BEGIN Information shown
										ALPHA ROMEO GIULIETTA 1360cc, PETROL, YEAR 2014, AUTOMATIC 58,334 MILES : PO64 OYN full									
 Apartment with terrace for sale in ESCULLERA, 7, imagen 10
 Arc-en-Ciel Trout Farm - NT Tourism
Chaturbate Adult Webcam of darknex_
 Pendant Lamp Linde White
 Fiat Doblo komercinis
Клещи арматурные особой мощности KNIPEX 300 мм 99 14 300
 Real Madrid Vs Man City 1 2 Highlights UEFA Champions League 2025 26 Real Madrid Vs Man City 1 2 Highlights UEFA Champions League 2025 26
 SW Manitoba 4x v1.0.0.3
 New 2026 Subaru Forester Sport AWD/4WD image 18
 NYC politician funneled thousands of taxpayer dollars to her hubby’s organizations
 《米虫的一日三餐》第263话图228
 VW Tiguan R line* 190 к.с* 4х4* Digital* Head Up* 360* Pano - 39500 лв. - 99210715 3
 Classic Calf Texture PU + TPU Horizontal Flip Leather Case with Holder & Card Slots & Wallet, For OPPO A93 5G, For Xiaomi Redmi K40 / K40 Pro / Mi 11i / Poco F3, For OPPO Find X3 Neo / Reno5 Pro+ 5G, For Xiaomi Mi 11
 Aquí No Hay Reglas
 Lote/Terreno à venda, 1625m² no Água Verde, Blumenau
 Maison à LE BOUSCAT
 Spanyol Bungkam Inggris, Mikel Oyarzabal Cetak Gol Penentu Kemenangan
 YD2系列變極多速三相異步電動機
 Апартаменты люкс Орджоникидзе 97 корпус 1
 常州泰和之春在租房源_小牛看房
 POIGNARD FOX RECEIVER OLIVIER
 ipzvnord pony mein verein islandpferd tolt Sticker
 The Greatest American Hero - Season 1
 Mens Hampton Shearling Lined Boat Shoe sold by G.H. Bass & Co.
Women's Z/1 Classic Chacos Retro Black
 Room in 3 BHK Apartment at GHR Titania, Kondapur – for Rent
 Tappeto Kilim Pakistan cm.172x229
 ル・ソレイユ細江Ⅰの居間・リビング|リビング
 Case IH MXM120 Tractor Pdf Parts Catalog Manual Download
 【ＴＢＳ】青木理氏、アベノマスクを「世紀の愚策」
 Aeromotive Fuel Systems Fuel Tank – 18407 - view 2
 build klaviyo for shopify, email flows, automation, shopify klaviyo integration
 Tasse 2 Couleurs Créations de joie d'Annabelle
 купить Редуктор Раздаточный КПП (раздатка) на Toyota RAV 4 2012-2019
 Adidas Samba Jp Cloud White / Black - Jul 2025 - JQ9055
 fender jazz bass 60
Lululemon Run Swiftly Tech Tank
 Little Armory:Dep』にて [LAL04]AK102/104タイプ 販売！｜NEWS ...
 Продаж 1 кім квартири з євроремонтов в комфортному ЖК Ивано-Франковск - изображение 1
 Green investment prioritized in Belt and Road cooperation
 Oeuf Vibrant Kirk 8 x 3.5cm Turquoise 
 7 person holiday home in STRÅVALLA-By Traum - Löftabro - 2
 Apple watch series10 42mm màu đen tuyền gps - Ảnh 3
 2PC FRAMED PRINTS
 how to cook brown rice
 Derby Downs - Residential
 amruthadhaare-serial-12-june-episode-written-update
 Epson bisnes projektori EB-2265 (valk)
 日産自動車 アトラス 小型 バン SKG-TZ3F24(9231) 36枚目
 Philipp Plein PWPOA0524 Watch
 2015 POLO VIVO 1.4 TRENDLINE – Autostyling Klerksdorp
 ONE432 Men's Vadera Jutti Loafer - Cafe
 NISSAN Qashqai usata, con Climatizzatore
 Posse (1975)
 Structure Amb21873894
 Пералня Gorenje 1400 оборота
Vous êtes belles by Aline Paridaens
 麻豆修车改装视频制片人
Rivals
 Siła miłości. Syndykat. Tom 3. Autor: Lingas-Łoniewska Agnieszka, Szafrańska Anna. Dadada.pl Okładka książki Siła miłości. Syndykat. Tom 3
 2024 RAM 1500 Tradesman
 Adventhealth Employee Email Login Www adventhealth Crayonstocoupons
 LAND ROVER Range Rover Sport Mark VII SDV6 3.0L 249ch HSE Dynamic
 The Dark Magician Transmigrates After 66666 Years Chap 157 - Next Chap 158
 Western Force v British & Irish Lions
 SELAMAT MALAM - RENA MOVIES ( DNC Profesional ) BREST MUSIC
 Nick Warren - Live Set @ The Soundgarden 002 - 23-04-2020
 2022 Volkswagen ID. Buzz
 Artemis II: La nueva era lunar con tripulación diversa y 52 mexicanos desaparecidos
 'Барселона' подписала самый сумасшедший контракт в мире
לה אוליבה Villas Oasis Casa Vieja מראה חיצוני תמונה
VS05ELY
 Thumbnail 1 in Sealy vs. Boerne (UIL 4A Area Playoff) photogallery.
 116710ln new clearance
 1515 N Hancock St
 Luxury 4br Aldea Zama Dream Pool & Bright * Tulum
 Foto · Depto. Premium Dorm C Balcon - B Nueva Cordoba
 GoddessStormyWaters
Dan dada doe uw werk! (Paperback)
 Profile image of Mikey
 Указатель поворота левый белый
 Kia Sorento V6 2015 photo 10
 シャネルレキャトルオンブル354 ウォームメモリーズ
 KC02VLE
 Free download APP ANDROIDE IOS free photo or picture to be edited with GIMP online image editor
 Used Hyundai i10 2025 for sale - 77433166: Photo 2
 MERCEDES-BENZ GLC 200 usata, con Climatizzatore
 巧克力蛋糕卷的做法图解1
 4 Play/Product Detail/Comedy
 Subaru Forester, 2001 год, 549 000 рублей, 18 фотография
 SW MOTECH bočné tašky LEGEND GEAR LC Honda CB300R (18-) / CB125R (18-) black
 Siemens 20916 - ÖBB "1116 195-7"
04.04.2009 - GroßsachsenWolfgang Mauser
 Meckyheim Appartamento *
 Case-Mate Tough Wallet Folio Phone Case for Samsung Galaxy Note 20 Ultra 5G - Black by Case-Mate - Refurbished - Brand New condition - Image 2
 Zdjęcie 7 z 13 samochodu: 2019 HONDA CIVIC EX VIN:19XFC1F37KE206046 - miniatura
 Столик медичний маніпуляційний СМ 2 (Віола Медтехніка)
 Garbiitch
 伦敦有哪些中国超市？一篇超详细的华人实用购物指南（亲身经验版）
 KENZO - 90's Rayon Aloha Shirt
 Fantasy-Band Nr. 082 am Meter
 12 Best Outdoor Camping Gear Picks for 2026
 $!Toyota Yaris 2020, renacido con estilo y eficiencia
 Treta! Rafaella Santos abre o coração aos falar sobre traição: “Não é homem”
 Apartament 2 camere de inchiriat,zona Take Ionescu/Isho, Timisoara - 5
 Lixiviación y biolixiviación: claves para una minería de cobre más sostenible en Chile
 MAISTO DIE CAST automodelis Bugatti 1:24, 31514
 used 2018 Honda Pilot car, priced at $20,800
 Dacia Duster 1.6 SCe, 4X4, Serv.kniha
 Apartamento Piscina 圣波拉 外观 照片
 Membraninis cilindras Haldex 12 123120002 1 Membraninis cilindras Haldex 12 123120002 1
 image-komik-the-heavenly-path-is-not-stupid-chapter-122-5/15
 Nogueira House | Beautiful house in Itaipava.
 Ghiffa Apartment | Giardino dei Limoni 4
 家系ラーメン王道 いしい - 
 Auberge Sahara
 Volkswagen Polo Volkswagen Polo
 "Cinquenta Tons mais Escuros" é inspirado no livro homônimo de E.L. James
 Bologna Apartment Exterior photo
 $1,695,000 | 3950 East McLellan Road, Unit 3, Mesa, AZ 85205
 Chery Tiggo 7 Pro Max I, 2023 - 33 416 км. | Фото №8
END Information shown
Task objective:
In the listing above, how many lines include the string "sale"? Say only the number.

Result of this task:
2